Scanning

Mass-driver is mostly about generating bulk changes, but migrations require a good idea of what we need to change. A good amount of thought needs to be given to finding patterns in repositories before any change can happen.

Let’s see how mass-driver scans enable exploration of our repositories by writing simple python functions, reusable as plugins.

Using mass-driver to scan

Let’s define an Activity file specifying a list of scanners to run:

# An Activity file for scanning
[mass-driver.scan]
scanner_names = ["root-files", "dockerfile-from"]

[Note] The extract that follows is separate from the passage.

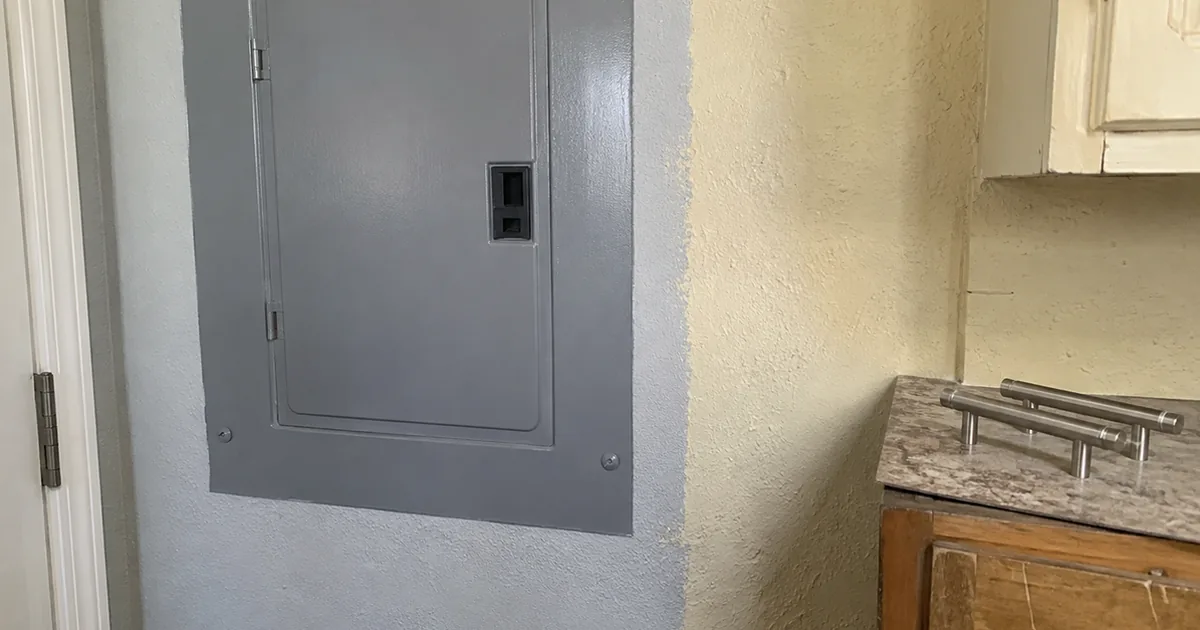 A freshly painted electrical panel cover on a kitchen wall next to visibly older, unpainted wall texture, with new cabinet hardware on an older cabinet door nearby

This can be run just like a migration:

mass-driver run scan.toml --repo-filelist repos.txt

Creating a Scanner

Scanners are mass-driver plugins that map to functions. Let’s create one.

First some imports:

from pathlib import Path
from typing import Any

Then the function:

def dockerfile_from_scanner(repo: Path) -> dict[str, Any]:
    """Report the repo's Dockerfile's FROM line(s)"""
    dockerfile_path = repo / "Dockerfile"
    dockerfile_exists = dockerfile_path.is_file()
    if not dockerfile_exists:
        return {"dockerfile_exists": False, "dockerfile_from": None}
    dkr_lines = dockerfile_path.read_text().splitlines()
    dkr_from_lines = [line for line in dkr_lines if line.startswith("FROM")]
    return {"dockerfile_exists": True, "dockerfile_from_lines": dkr_from_lines}

This scanner will try to open the repo’s Dockerfile, and if any exist, will report lines that start with the FROM keyword.

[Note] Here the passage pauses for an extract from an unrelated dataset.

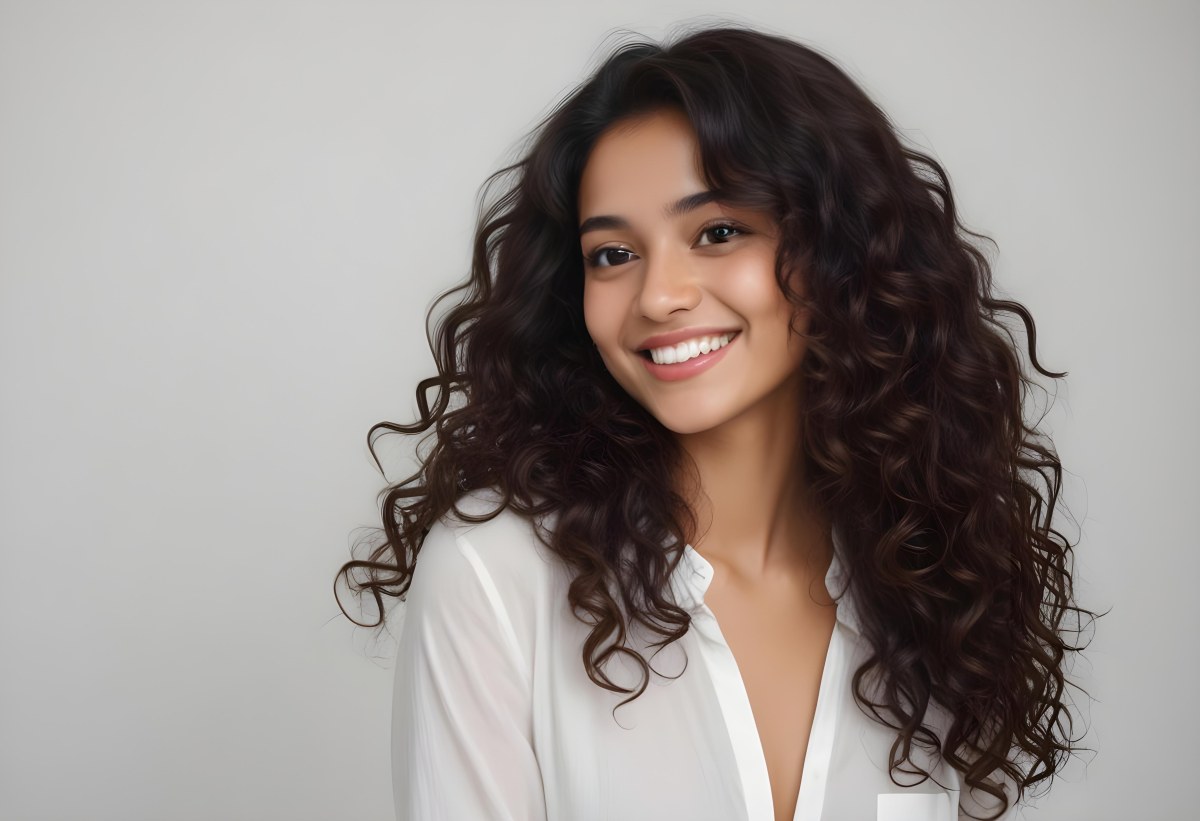 Young Woman Of South Asian Descent With Long Curly Dark Brown Hair Smiling Softly She Is Wearing A White Blouse And Has A Light Background 55 1539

Note that the scanner is built to report the same dict keys in all cases.

We suggest scanner functions return flat dictionaries (simple key, simple value, no nesting), to make it easy to map the returned content to database-style rows of data (or simply CSV). Try to take into account every check that can go wrong (like missing file/folder), and find a way to report on the specific of this repository uniquely.

To package this plugin for running it, we add it to the pyproject.toml plugins:

[tool.poetry.plugins.'massdriver.scanners']
dockerfile-from = 'my_lovely_package.dockerfile:dockerfile_from_scanner'

Prove it is available via mass-driver scanners:

Available scanners:
root-files
dockerfile-from

And now we can define an activity file with our scanner toggled on, possibly as part of other scanners.

# dockerfile_scan.toml
[mass-driver.scan]
scanner_names = ["dockerfile-from", "root-files"]

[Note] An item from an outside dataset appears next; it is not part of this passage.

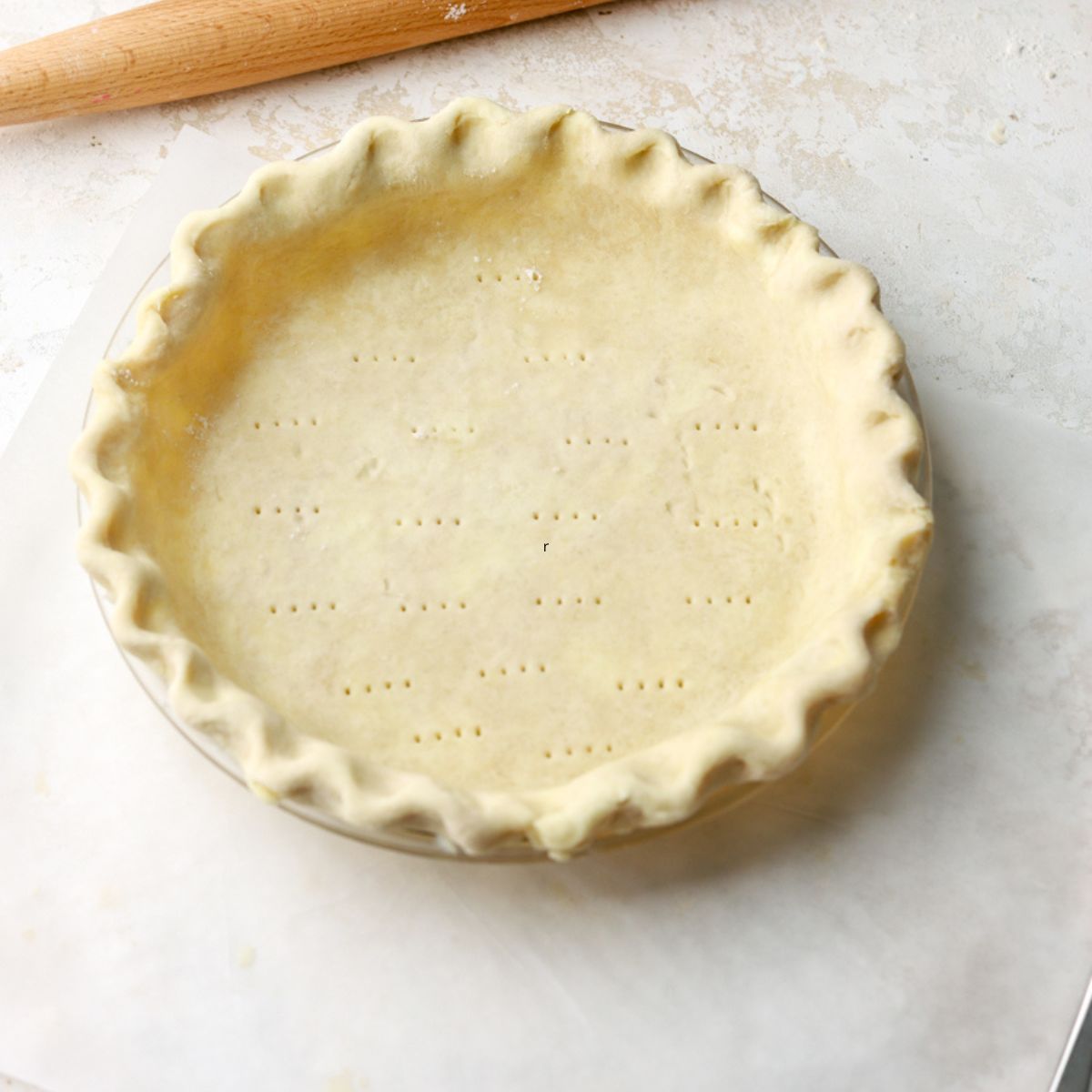 Crimped pie dough in a pie dish next to a rolling pin.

Now let’s generate the scan reports:

mass-driver run dockerfile_scan.toml --repo-filelist repos.txt

Testing the scanner

Before running it across many many repos, let’s test it with sample data. For this, we have a couple handy test fixtures available that turn testing into a trivial matter.

So let’s start by writing a new empty file tests/test_scanner.py, and a folder structure like this:

tests/
├── test_scanner/
│   ├── dockerfile/
│   │   ├── activity.toml
│   │   ├── Dockerfile
│   │   └── scan_results.json
│   └── multiple-dockerfiles/
│       ├── activity.toml
│       ├── Dockerfile
│       └── scan_results.json
└── test_scanner.py

The intent is for each subfolder under tests/test_scanner/ to be pretend repos, with an activity.toml selecting the scanners, and a scan_results.json to report on the repo’s scan.

As for the test file, here is the contents:

"""Demonstrate the Scanner test fixture

Feature: Scanner test fixtures
  As a mass-driver plugin dev
  I need to test my future scanner on sample repos
  In order to ship scanner plugins efficiently
"""

from pathlib import Path

import pytest

from mass_driver.tests.fixtures import copy_folder, massdrive_scan_check

# Go from this filename.py to folder:
# ./test_scanner.py -> ./test_scanner/
TESTS_FOLDER = Path(__file__).with_suffix("")


@pytest.mark.parametrize(
    "test_folder", [f.name for f in TESTS_FOLDER.iterdir() if f.is_dir()]
)
def test_scanner(test_folder: Path, tmp_path):
    """Scenario: Check the sample folder scan results"""
    absolute_reference = TESTS_FOLDER / test_folder
    workdir = tmp_path / "repo"
    copy_folder(absolute_reference, workdir)
    result, ref = massdrive_scan_check(workdir)
    assert result == ref, "Scan results should match reference"

Note how the test relies on the massdrive_scan_check fixture to run scan against specific folder. This wraps around the massdrive fixture.

Note

The scanner subsystem will swallow exceptions, using the scannerror key to define two things: exception: str, and backtrace: list[str].